A segregação é tão feroz que o escape se dá apenas em exemplos tomados como o refúgio dos diferentes, as exceções que consistem de matérias enquadradas em faits divers ou mesmo na economia da cultura. Na postulação do aparecimento da vingança da ambivalência recordamos o que Bauman (1999: 190) diz: “ela não é para ser lamentada, mas para ser celebrada”, já que é o limite de poder dos poderosos. Nossa reflexão pondera que, se é certo que na ambivalência vivem as populações periféricas, sua realidade cotidiana, quando privada da lente que amplia o sentido dado pela perspectiva internacional, não tem atrativo para grande parte do noticiário. Apenas fazem-se documentar em seu oposto dialético, o das produções artísticas de mercado consumidor amplo e assegurado (hip hop, Nollywood e outras).

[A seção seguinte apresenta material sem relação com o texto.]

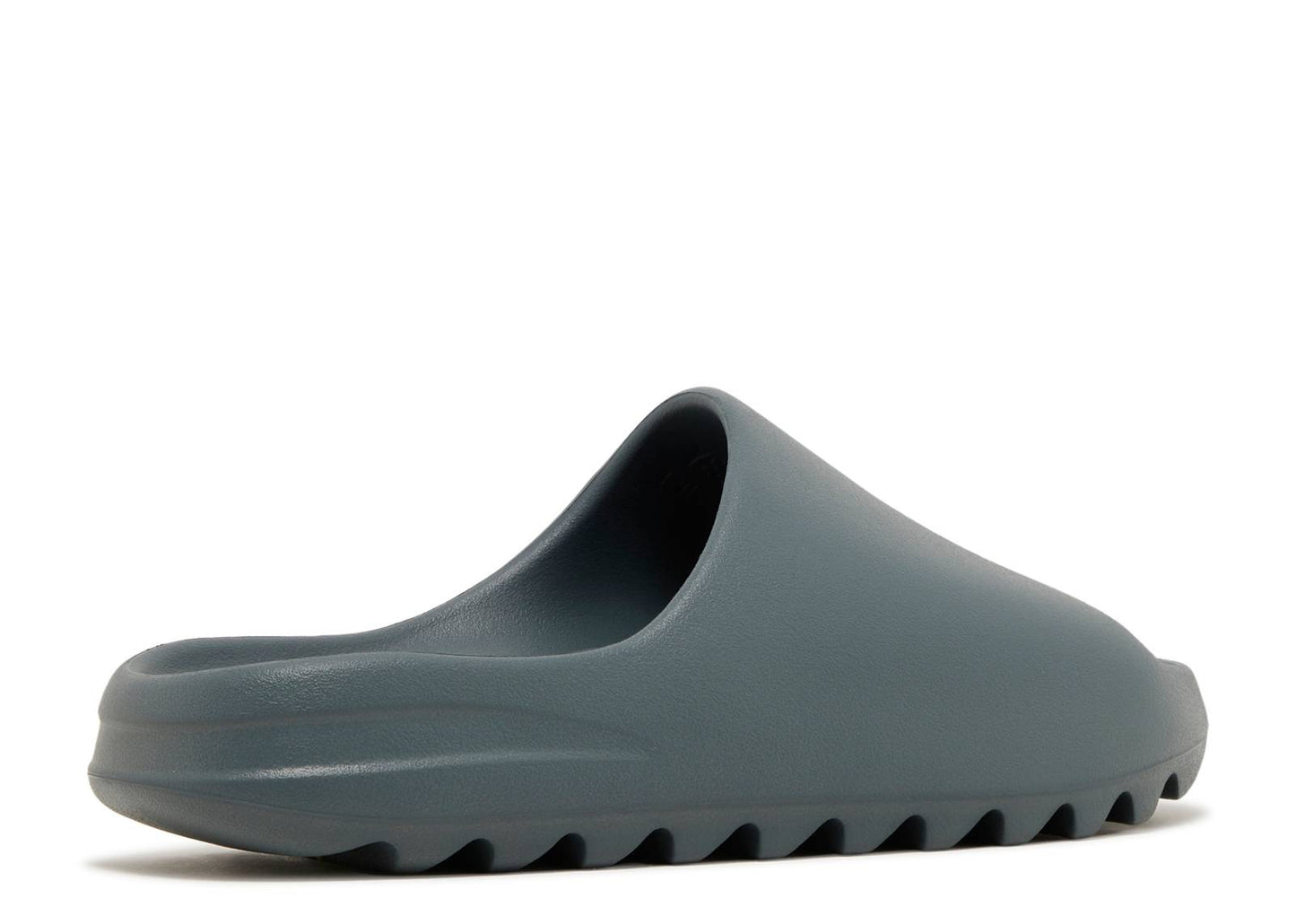 Yeezy Slide - Slate Marine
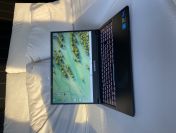 Gigabyte G5 KF-5 z RTX 4060 – Laptop gamingowy w świetnym stanie!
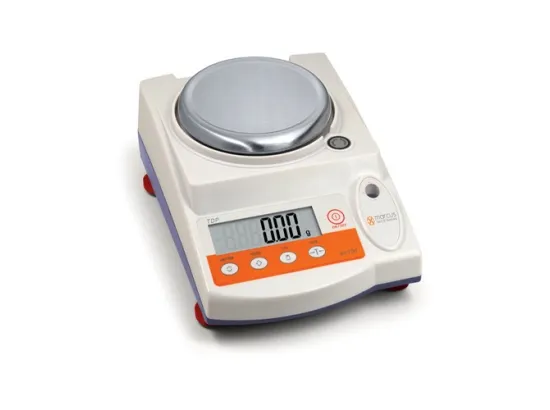Sản phẩm can phan tich sp0031617154753_410x410 — Cân Điện Tử HNK - Công Ty TNHH Cân Điện Tử Huỳnh Nguyên Khôi — MST 0313100852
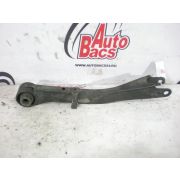 Рычаг 20250AJ010 для TOYOTA GT86 ZN6 FA20 R L D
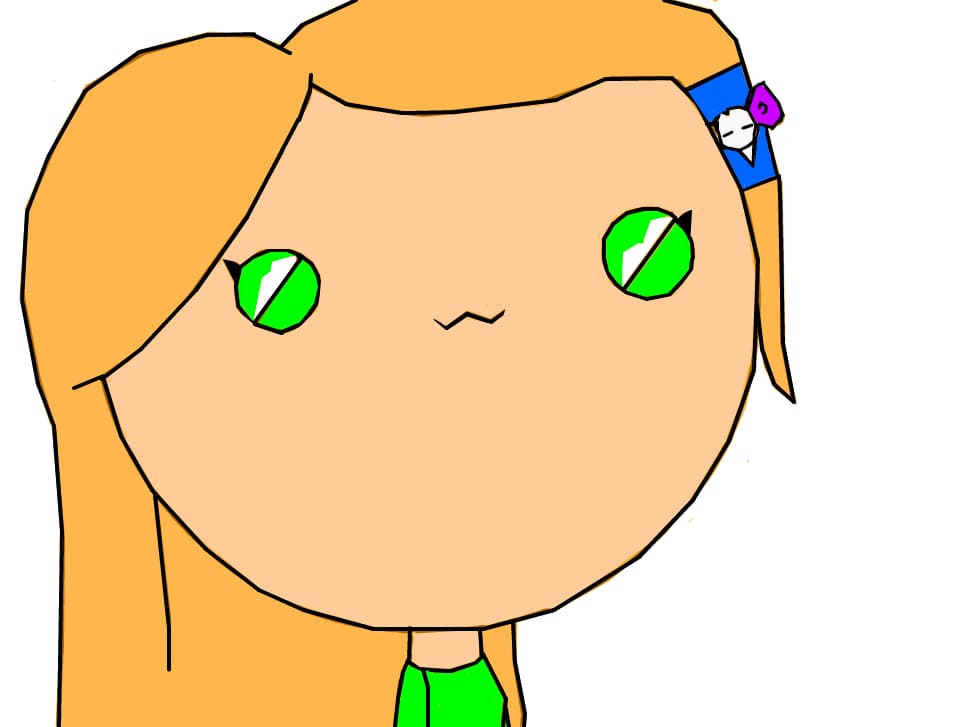 `~Uratenie~` :3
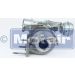ORIGINAL TURBO 336110 ORIGINAL TURBO 336110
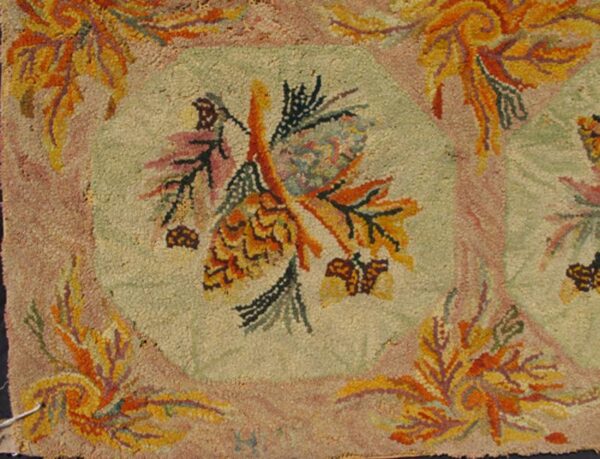 Rug 11-20515 - Image 2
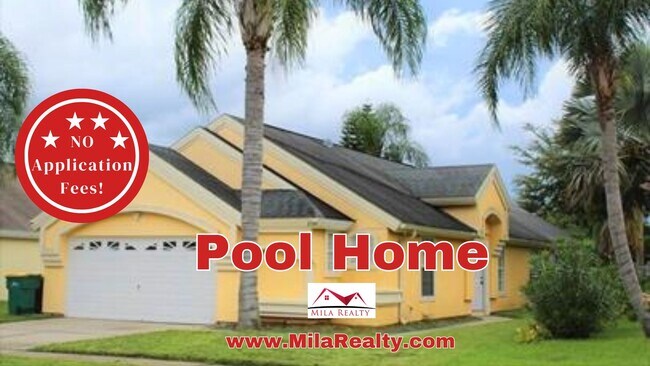 Primary Photo - 2565 Davenport Cir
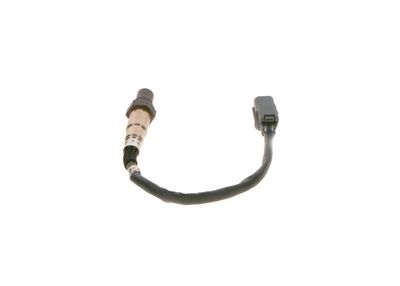 Lambda Sensor 0 258 986 611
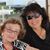 Claudia Henao Olsen's profile image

Assim, no artigo analisa-se como a ambivalência significacional incide discursivamente em processos tão distintos como o de segurança pública, de identificação e reconhecimento de si ou das relações internacionais (Silveira, 2011), reiterando a perspectiva de dispositivo panóptico de alerta. Algo que no presente projeto já se delineia grosso modo como o conflito entre duas dimensões: a de segurança pública frente a uma outra anterior, a de segurança nacional.